Il terzetto della Cina donne ci ha dato una lezione di buon gusto a Doha, come Toshikazu Yamanishi  a La Coruna 2019 aspettando Massimo Stano, l’avversario sconfitto più coriaceo e rendendogli onore.  

 

La vita di Liu Hong e Qieyang Shenjie dal 2012 ad oggi è stata costellata di alterna fortune sportive e di altrettante delusioni, ma l’abbraccio sul traguardo di Doha è stato sincero, come sincero fu quello tra Hirooki Arai e Evan Dunfee all’aeroporto di Rio de Janeiro.

 

Nella marcia sui campi di atletica e sulle strade dovremmo venir educati fino da giovani al rispetto dell’avversario ed al rapporto con i giudici: in questo sport se il verdetto è una squalifica o una sosta, ancorché lunga, nella Penalty Zone non puoi urlare in faccia all’arbitro le tue ragioni come purtroppo spesso avviene nel calcio.
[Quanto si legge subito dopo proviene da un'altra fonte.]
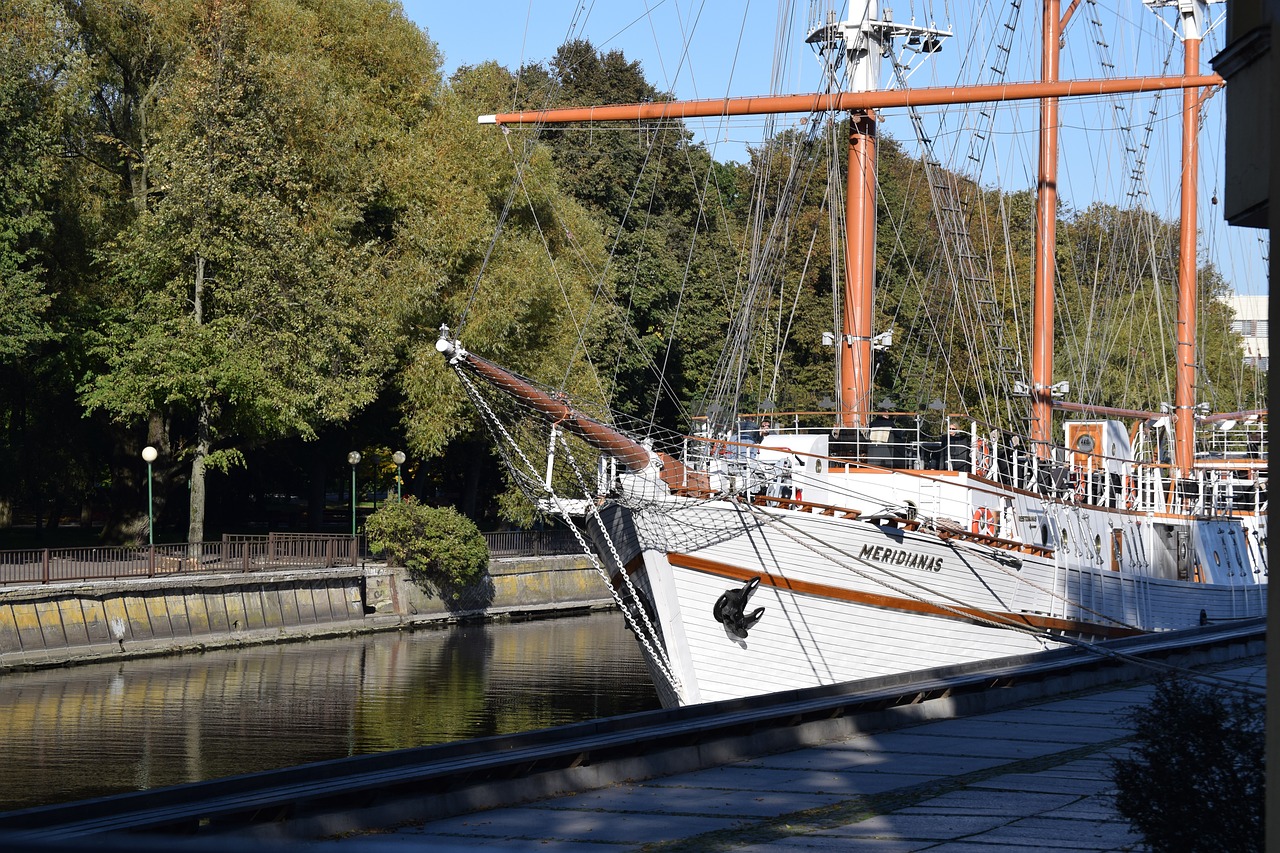 boat sailing ship meridiana free photo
Se tu, o il tuo allenatore, chiederete le motivazioni dopo la gara, certamente capirete che magari quei tre bigliettini rossi erano accettabili, il che significa rimboccarsi le maniche per il futuro. 

 

Unito al fatto che infine, tanto per dirne una, è il giudizio della giuria, oltre al cronometro, a farti capire se sei forte (Jefferson Perez diceva: “ho un ottimo rapporto con tutti i giudici, mi aiutano dove il mio allenatore ed io non ci arriviamo”) non l’allenatore, tanto meno i tuoi genitori che ti vedono a volte come un martire, e ancor meno i commenti su Facebook.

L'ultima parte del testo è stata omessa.